Ideas don't remain discrete, they tend to be rather promiscuous. Just as identity politics takes some ideas from Marxist analysis but uses them in a way incompatible with Marxism, they take ideas from other thought traditions and use them in new ways. Particularly from libertarian and neoliberal approaches they take a kind of belief in society as atomic, this is where this business of "rights aren't a pie" comes from for instance.
I think Goosefoot nailed it here.
Trans ideology, and wokeism more generally, is an odd hotchpotch of individualist identity politics and personal actualisation on the one hand, and a nod to structural oppression on the other.
I think the trans ideology stands out among all identity politics as the far and away most influential, and it has very little to do with individual actualisation, in spite of the rhetoric used.
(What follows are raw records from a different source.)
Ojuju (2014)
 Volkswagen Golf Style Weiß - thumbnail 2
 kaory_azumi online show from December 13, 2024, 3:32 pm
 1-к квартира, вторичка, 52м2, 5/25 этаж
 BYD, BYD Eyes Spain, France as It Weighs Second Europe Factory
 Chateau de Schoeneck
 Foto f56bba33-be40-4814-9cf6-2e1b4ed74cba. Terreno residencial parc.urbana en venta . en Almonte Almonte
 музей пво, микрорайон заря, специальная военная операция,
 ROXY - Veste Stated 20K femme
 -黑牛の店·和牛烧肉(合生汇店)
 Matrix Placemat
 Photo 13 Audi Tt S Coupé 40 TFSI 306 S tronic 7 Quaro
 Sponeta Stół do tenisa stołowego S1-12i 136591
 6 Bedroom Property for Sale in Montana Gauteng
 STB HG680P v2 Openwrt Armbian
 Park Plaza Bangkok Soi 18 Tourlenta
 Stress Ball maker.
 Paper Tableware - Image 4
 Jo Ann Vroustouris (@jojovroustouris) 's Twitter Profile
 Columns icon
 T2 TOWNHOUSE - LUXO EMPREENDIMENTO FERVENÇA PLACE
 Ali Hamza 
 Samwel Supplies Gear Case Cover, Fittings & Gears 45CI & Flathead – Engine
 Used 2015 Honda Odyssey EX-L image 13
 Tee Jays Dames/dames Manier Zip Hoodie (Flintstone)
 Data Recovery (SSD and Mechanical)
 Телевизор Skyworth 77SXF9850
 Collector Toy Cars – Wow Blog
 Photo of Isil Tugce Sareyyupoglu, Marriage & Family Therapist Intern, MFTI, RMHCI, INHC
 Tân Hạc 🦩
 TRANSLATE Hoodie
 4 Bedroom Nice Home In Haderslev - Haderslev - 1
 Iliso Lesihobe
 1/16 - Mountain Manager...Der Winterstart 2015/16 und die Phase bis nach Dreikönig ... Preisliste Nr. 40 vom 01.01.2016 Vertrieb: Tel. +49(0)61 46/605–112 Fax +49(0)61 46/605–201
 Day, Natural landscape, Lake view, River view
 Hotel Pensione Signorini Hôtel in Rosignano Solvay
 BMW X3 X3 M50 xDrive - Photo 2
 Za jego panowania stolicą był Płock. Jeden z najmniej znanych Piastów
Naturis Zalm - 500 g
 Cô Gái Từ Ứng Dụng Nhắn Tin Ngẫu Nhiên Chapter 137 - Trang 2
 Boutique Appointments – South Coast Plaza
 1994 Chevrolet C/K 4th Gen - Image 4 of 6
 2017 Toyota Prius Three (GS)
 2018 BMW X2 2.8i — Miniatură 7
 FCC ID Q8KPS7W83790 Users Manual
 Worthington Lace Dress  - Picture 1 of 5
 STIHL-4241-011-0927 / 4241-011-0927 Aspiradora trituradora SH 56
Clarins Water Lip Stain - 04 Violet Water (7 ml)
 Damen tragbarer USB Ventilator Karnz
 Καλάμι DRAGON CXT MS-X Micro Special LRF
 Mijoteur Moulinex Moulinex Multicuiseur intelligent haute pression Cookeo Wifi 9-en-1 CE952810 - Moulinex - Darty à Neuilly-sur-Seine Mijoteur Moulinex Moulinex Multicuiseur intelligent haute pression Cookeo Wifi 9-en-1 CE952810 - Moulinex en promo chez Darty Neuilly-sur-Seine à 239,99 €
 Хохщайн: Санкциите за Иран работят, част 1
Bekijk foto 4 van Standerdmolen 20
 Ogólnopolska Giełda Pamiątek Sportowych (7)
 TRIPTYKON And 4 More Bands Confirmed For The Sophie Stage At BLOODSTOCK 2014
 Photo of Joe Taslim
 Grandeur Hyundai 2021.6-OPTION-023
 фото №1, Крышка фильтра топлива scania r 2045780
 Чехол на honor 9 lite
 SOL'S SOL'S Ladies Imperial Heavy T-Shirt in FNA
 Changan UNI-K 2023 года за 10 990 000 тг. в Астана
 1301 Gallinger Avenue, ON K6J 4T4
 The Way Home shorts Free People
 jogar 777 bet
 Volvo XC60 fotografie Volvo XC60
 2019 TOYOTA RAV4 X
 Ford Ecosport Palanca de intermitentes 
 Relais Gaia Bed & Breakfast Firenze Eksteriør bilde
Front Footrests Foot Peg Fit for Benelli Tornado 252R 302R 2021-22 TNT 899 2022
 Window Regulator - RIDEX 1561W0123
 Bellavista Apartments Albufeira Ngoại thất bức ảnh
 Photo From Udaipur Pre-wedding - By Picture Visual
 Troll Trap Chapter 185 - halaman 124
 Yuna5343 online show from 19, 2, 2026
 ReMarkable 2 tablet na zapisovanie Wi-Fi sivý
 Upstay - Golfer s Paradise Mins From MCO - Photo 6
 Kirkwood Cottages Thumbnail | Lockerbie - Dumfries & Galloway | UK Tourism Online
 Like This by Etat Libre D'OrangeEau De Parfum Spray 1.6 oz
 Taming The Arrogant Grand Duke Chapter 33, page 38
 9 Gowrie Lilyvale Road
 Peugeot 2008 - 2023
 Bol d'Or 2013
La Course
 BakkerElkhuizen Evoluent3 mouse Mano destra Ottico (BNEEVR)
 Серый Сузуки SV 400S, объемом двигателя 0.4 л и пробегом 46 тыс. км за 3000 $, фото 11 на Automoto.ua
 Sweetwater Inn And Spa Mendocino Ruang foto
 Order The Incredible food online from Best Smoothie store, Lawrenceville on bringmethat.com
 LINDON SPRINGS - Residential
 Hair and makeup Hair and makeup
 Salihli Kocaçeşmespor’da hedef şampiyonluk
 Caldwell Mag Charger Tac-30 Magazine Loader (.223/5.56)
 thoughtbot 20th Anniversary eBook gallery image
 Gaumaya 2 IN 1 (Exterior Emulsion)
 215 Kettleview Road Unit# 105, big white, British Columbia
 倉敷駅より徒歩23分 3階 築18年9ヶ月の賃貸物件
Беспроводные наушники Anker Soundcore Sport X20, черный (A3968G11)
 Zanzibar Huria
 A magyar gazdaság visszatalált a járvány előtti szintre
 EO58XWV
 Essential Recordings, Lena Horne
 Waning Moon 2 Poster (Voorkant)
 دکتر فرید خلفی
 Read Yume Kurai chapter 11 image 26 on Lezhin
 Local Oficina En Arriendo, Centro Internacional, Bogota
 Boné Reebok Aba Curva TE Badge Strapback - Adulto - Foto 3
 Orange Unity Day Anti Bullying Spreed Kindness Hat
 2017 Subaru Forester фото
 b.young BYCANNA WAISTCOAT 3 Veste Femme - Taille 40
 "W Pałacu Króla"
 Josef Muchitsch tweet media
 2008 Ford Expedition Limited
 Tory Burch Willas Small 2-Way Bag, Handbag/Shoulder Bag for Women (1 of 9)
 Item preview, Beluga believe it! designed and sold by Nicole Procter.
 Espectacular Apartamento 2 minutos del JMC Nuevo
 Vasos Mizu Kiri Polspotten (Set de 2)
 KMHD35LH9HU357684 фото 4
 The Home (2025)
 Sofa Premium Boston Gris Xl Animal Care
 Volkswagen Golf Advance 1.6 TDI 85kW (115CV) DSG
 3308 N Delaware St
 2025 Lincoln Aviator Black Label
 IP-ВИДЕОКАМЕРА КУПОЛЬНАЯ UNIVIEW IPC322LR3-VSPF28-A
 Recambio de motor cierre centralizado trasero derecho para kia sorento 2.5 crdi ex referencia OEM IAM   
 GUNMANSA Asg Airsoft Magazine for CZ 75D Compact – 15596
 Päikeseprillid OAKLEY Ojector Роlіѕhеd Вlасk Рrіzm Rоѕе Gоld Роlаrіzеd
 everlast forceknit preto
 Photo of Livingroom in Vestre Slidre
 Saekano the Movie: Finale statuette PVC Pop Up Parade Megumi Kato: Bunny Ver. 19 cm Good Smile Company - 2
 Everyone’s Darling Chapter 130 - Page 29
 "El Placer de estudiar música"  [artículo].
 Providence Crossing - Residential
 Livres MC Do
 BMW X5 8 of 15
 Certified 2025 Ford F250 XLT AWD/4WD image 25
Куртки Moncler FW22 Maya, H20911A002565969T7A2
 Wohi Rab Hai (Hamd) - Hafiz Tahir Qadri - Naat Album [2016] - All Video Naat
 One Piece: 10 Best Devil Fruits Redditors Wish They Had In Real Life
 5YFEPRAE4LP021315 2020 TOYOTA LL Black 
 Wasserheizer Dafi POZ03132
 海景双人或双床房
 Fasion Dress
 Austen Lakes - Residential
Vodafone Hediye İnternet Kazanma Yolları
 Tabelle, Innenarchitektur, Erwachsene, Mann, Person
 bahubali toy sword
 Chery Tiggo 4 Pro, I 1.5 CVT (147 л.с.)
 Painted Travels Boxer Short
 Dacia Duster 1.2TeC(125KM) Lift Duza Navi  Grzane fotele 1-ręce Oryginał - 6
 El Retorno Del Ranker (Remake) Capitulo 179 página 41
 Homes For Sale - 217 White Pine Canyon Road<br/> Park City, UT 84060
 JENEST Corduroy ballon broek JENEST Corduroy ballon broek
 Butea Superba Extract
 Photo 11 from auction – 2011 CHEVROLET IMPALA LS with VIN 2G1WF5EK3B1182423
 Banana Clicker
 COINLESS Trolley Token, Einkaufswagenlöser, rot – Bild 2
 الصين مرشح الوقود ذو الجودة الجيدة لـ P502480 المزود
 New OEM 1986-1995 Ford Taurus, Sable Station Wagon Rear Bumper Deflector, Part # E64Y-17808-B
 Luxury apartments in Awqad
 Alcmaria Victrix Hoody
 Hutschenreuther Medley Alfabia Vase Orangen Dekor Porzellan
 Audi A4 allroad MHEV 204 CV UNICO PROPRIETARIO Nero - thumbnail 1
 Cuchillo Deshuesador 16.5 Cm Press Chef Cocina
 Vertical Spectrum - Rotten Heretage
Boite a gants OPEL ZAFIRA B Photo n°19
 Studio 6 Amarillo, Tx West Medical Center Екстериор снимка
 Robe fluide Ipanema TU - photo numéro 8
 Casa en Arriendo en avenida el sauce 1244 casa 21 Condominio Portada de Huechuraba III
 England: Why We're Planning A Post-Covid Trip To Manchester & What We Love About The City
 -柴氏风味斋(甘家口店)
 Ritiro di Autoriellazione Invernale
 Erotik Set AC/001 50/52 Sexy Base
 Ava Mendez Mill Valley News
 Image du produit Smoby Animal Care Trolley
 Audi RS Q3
It is tremendously successful, because it is a men’s right movement, but without saying so in so many words.
It is therefore entirely structural, as it re-entrenches men’s supreme right to rule and the right to define reality on their terms.
So the labour party at the moment, seemed to have abandoned class-based, structural analyses in favour of individualised identity politics, but is actually engaged in class based warfare, where the classes are men and women, and they have come down firmly on the side of men.
I had been thinking their big mistake was jettisoning structural analysis in favour of identity politics, but it now seems to me that they are very much engaged in structural, sex-class struggle.
I don’t many of them realise this, though.